Collected data entries |

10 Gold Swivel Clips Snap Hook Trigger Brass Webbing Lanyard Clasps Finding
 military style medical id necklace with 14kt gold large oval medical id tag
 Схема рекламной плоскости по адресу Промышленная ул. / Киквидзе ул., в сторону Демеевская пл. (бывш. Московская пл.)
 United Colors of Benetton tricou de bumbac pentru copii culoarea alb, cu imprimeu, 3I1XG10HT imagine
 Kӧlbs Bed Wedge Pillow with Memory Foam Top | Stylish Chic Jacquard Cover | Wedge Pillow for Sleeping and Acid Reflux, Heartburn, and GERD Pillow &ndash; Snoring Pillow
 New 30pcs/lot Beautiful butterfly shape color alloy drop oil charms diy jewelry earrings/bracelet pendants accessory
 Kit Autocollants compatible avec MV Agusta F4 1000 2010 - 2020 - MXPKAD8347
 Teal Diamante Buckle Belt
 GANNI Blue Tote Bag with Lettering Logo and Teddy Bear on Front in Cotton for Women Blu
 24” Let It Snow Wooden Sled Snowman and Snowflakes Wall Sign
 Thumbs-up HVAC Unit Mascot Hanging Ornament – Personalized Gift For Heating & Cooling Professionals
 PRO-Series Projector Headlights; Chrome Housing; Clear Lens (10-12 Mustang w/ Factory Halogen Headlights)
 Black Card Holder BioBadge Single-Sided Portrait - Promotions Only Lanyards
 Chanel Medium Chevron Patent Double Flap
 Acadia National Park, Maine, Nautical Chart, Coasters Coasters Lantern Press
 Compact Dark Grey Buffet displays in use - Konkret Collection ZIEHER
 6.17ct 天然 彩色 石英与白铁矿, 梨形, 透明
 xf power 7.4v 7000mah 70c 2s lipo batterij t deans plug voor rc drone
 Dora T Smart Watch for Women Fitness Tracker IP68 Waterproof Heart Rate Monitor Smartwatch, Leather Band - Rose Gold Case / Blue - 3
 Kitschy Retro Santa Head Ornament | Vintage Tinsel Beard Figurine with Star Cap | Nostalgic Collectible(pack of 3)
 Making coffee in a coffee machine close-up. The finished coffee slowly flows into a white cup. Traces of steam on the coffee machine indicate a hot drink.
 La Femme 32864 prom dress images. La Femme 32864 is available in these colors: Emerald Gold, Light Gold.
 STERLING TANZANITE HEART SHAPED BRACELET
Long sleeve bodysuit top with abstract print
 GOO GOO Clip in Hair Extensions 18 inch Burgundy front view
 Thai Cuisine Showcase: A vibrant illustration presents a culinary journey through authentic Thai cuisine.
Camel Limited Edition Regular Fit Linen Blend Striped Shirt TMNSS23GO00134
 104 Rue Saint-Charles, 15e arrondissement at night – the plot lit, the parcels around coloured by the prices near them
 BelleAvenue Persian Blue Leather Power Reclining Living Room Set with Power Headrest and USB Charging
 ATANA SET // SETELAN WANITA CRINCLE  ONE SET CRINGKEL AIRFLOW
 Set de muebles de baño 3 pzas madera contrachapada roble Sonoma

Problem statement | Write out each line exactly, as it is shown above.

Output |
10 Gold Swivel Clips Snap Hook Trigger Brass Webbing Lanyard Clasps Finding
 military style medical id necklace with 14kt gold large oval medical id tag
 Схема рекламной плоскости по адресу Промышленная ул. / Киквидзе ул., в сторону Демеевская пл. (бывш. Московская пл.)
 United Colors of Benetton tricou de bumbac pentru copii culoarea alb, cu imprimeu, 3I1XG10HT imagine
 Kӧlbs Bed Wedge Pillow with Memory Foam Top | Stylish Chic Jacquard Cover | Wedge Pillow for Sleeping and Acid Reflux, Heartburn, and GERD Pillow &ndash; Snoring Pillow
 New 30pcs/lot Beautiful butterfly shape color alloy drop oil charms diy jewelry earrings/bracelet pendants accessory
 Kit Autocollants compatible avec MV Agusta F4 1000 2010 - 2020 - MXPKAD8347
 Teal Diamante Buckle Belt
 GANNI Blue Tote Bag with Lettering Logo and Teddy Bear on Front in Cotton for Women Blu
 24” Let It Snow Wooden Sled Snowman and Snowflakes Wall Sign
 Thumbs-up HVAC Unit Mascot Hanging Ornament – Personalized Gift For Heating & Cooling Professionals
 PRO-Series Projector Headlights; Chrome Housing; Clear Lens (10-12 Mustang w/ Factory Halogen Headlights)
 Black Card Holder BioBadge Single-Sided Portrait - Promotions Only Lanyards
 Chanel Medium Chevron Patent Double Flap
 Acadia National Park, Maine, Nautical Chart, Coasters Coasters Lantern Press
 Compact Dark Grey Buffet displays in use - Konkret Collection ZIEHER
 6.17ct 天然 彩色 石英与白铁矿, 梨形, 透明
 xf power 7.4v 7000mah 70c 2s lipo batterij t deans plug voor rc drone
 Dora T Smart Watch for Women Fitness Tracker IP68 Waterproof Heart Rate Monitor Smartwatch, Leather Band - Rose Gold Case / Blue - 3
 Kitschy Retro Santa Head Ornament | Vintage Tinsel Beard Figurine with Star Cap | Nostalgic Collectible(pack of 3)
 Making coffee in a coffee machine close-up. The finished coffee slowly flows into a white cup. Traces of steam on the coffee machine indicate a hot drink.
 La Femme 32864 prom dress images. La Femme 32864 is available in these colors: Emerald Gold, Light Gold.
 STERLING TANZANITE HEART SHAPED BRACELET
Long sleeve bodysuit top with abstract print
 GOO GOO Clip in Hair Extensions 18 inch Burgundy front view
 Thai Cuisine Showcase: A vibrant illustration presents a culinary journey through authentic Thai cuisine.
Camel Limited Edition Regular Fit Linen Blend Striped Shirt TMNSS23GO00134
 104 Rue Saint-Charles, 15e arrondissement at night – the plot lit, the parcels around coloured by the prices near them
 BelleAvenue Persian Blue Leather Power Reclining Living Room Set with Power Headrest and USB Charging
 ATANA SET // SETELAN WANITA CRINCLE  ONE SET CRINGKEL AIRFLOW
 Set de muebles de baño 3 pzas madera contrachapada roble Sonoma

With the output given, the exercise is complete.